Nach dem Konzil von Trient (1545 und 1563) gewann das Fest als „antiprotestantische Demonstration“ an Bedeutung. Doch gegenseitige Provokationen gehören inzwischen der Vergangenheit an. Mit Blick auf die traditionellen Fronleichnamsprozessionen eint katholische und evangelische Christen das biblische Bild vom „wandernden Gottesvolk“, dessen Mitte Christus als das „Brot des Lebens“ ist. Ein wirklich ökumenisches Fest ist es aber trotzdem nicht. Dazu ist in beiden Konfessionen das theologische Verständnis des Abendmahls, das im Zentrum der Fronleichnamsfeier steht, zu unterschiedlich. Fronleichnam ist gesetzlicher Feiertag in den Bundesländern Baden-Württemberg, Bayern, Hessen, Nordrhein-Westfalen, Rheinland-Pfalz, Saarland sowie in ausgewählten Gemeinden in Sachsen und Thüringen.

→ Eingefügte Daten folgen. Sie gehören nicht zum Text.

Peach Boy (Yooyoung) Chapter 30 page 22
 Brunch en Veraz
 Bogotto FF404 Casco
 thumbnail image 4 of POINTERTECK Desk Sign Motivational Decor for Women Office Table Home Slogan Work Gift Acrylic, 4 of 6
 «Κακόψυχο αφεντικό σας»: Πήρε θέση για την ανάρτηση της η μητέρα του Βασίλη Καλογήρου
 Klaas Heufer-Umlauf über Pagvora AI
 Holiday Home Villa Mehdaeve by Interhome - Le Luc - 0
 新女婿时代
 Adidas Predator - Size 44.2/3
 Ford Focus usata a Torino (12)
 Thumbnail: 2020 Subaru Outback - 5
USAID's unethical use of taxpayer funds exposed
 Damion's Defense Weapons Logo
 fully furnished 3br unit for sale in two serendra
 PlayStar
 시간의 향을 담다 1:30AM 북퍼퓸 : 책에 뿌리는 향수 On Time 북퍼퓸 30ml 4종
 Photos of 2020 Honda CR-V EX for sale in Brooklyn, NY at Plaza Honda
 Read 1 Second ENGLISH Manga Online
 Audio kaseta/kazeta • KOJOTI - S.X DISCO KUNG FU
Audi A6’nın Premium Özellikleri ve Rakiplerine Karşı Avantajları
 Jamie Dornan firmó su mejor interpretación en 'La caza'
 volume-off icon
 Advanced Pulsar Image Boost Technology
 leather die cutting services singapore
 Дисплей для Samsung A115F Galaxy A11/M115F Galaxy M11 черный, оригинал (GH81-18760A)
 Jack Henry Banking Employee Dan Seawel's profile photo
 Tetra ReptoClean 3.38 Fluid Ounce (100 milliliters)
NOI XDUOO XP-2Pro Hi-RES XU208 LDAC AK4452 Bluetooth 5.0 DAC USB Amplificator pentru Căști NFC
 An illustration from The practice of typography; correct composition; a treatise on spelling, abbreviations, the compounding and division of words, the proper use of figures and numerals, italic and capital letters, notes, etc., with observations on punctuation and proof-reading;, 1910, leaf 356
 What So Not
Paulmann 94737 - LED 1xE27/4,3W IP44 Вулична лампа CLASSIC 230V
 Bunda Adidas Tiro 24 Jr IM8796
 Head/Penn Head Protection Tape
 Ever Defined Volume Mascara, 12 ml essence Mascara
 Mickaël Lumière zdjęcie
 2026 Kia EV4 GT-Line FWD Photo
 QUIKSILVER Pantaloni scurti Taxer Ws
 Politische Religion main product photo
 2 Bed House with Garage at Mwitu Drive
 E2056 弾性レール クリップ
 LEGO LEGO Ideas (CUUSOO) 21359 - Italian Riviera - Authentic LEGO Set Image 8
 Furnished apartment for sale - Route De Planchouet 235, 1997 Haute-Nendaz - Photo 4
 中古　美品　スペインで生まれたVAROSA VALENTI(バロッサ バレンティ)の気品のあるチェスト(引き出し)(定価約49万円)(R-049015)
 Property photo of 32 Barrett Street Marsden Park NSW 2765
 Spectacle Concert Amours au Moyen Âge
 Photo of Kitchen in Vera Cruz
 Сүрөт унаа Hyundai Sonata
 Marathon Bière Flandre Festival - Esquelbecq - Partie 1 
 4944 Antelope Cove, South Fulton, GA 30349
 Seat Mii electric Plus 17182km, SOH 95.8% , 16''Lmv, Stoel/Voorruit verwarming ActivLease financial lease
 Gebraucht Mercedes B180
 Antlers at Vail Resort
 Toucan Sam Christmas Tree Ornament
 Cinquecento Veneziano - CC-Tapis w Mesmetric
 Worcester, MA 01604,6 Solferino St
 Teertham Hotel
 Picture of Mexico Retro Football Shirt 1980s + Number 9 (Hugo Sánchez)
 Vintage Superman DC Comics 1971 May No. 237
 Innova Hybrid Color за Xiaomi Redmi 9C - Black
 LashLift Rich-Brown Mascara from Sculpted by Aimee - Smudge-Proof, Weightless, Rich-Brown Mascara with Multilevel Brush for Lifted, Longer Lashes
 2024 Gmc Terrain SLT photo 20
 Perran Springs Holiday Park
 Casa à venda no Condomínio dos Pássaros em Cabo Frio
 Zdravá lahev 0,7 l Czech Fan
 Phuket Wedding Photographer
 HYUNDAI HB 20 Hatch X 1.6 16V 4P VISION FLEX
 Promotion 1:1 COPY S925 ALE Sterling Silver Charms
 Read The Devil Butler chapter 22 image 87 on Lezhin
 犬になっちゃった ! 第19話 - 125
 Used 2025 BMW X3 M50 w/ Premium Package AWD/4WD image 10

Fronleichnam in NRW: In diesem Jahr fallen die traditionellen Prozessionen an Fronleichnam wegen der Corona-Krise in nordrhein-westfälischen Gemeinden weitgehend aus. So hat das Bistum Aachen Prozessionen für seine Gemeinden abgesagt, das Erzbistum Köln schließt diese „nicht kategorisch aus“, allerdings gehöre dazu ein mit den örtlichen Behörden abzustimmendes Sicherheitskonzept mit Mindestabstand und Kontrolle einer maximalen Teilnehmerzahl. Das Erzbistum Paderborn und die Diözese Münster raten ihren Pfarreien zum Verzicht auf den Brauch. Das Bistum Essen überlässt die Entscheidung den Verantwortlichen vor Ort, geht aber davon aus, dass Prozessionen nicht stattfinden. Vielerorts wird es stattdessen Gottesdienste unter freiem Himmel geben: So hält der Kölner Kardinal Rainer Maria Woelki an Fronleichnam am 11. Juni um 10.00 Uhr eine Messe auf dem Roncalliplatz vor dem Kölner Dom, in Paderborn gibt es um 10.00 Uhr einen Gottesdienst auf dem Domplatz mit Erzbischof Hans-Josef Becker und 100 Teilnehmern und auf dem Domplatz in Münster beginnt um 11.00 Uhr eine Feier unter freiem Himmel. Das Bistum betont, dass bei Freiluft-Gottesdiensten der Mindestabstand und die Hygieneregeln eingehalten werden müssen. Der Veranstaltungsort müsse umgrenzt sein, um die Teilnehmerzahl kontrollieren zu können. Die Diözese empfiehlt ihren Pfarreien, solche Feiern mit der Kommune abzusprechen.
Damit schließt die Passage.